[[ SUPPLIED DATA, beginning ]]

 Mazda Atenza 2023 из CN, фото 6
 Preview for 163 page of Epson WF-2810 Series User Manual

[[ SUPPLIED DATA, end ]]
[[ SUPPLIED DATA, beginning ]]

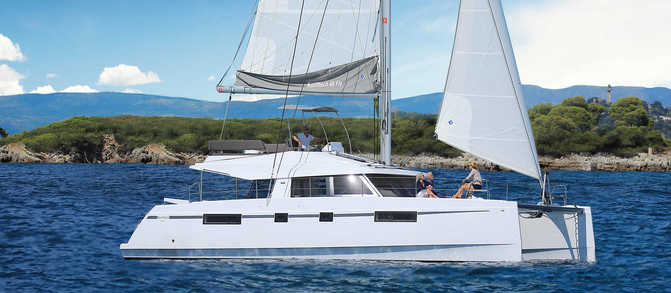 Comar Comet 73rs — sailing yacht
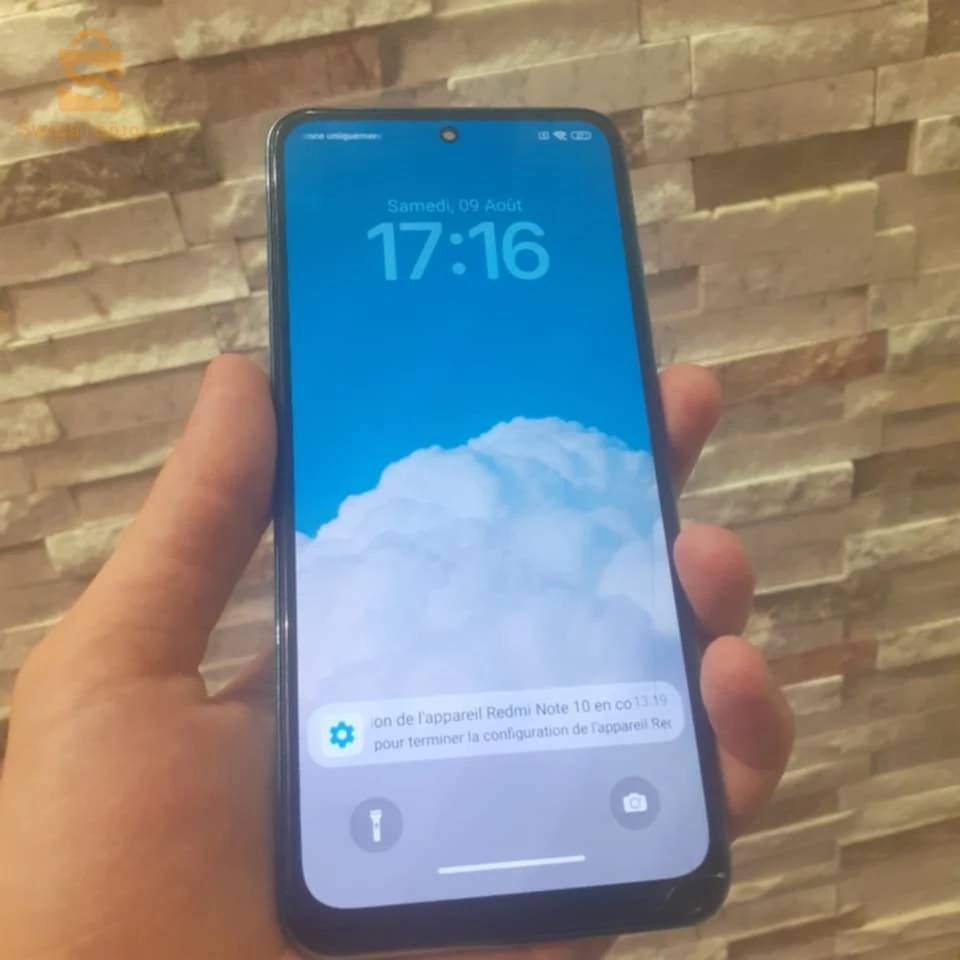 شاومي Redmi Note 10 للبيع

[[ SUPPLIED DATA, end ]]

PROBLEM STATEMENT = In your answer, include only the lines above starting at the line that holds "Mazda Atenza 2023 из CN, фото 6" and ending at the line that holds "Preview for 163", copied exactly.

SOLUTION TO THE EXERCISE =
 Mazda Atenza 2023 из CN, фото 6
 Preview for 163 page of Epson WF-2810 Series User Manual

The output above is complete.